▸ **Your assignment**
From the data, copy out every line in which the word "successfully" appears.

**********

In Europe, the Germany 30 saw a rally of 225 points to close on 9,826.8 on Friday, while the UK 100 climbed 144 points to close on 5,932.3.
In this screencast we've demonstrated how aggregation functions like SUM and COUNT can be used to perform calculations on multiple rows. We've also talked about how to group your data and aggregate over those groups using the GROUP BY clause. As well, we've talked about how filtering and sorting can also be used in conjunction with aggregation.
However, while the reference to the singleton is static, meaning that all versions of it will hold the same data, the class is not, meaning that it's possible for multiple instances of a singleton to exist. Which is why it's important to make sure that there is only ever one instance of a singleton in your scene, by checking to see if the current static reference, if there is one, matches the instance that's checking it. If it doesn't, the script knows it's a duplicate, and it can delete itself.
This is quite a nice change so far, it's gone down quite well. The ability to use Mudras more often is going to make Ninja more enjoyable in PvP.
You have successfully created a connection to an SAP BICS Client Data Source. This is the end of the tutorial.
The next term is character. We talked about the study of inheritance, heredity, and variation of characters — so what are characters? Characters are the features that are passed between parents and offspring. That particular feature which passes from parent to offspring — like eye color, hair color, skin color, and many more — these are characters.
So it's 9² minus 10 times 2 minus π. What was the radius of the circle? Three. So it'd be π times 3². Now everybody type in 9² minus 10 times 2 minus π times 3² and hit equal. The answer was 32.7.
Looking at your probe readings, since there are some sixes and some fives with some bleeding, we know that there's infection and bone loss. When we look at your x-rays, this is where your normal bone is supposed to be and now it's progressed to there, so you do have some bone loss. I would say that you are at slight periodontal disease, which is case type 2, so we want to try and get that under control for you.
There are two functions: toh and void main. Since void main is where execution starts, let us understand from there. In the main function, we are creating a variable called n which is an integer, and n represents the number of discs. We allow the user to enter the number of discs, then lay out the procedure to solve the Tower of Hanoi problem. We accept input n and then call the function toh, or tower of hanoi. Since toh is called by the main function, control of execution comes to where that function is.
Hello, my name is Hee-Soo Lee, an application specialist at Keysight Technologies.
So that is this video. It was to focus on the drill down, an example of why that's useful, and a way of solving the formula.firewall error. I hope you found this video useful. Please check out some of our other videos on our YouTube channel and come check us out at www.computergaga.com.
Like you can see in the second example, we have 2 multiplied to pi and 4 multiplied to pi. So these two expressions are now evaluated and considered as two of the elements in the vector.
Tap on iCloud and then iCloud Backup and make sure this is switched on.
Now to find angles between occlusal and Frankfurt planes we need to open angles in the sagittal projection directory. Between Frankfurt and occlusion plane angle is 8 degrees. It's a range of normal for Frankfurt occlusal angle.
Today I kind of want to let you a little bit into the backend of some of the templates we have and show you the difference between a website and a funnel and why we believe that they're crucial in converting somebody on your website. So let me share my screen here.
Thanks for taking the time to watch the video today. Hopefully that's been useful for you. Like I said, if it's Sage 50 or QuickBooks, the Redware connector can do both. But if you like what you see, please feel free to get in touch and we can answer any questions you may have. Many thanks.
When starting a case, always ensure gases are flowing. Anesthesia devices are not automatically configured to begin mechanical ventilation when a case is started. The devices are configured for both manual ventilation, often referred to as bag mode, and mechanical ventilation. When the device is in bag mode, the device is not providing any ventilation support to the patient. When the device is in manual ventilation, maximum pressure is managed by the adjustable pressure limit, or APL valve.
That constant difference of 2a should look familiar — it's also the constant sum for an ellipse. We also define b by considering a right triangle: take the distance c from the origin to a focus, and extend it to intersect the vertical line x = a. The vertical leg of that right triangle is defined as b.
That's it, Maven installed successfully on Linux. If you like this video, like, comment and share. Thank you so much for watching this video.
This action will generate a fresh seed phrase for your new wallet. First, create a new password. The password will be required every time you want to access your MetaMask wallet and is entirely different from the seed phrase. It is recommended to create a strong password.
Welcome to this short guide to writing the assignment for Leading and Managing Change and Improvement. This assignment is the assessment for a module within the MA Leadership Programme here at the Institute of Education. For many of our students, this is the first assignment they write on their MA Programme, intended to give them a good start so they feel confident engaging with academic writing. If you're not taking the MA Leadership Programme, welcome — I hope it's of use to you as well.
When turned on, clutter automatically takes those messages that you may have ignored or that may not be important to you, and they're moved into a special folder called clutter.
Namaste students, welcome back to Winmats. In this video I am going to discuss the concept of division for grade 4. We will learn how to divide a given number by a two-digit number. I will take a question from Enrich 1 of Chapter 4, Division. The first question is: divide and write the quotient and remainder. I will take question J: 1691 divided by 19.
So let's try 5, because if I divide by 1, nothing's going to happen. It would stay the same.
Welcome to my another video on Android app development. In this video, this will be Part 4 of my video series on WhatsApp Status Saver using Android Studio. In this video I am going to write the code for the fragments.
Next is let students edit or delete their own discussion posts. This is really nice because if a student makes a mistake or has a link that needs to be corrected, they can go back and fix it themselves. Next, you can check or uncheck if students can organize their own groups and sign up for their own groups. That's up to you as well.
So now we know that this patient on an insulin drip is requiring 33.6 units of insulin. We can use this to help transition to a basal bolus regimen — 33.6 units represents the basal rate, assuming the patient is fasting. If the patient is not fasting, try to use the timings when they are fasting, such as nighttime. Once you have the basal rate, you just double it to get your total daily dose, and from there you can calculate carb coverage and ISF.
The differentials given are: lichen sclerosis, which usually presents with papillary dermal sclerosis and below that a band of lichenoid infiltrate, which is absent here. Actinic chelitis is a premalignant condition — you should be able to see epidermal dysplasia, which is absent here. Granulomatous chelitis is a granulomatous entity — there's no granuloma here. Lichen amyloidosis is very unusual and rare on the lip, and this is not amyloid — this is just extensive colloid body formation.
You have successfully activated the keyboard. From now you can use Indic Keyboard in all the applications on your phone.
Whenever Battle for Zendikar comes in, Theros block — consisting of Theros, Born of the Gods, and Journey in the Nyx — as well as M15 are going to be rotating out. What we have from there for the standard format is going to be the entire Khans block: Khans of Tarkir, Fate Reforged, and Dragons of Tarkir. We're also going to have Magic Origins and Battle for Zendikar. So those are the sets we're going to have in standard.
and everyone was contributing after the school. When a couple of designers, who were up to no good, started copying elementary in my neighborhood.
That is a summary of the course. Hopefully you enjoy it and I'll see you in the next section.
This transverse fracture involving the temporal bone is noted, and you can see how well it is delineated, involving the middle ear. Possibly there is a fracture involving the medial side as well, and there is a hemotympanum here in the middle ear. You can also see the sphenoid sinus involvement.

**********

▸ **Written answer**
You have successfully created a connection to an SAP BICS Client Data Source. This is the end of the tutorial.
That's it, Maven installed successfully on Linux. If you like this video, like, comment and share. Thank you so much for watching this video.
You have successfully activated the keyboard. From now you can use Indic Keyboard in all the applications on your phone.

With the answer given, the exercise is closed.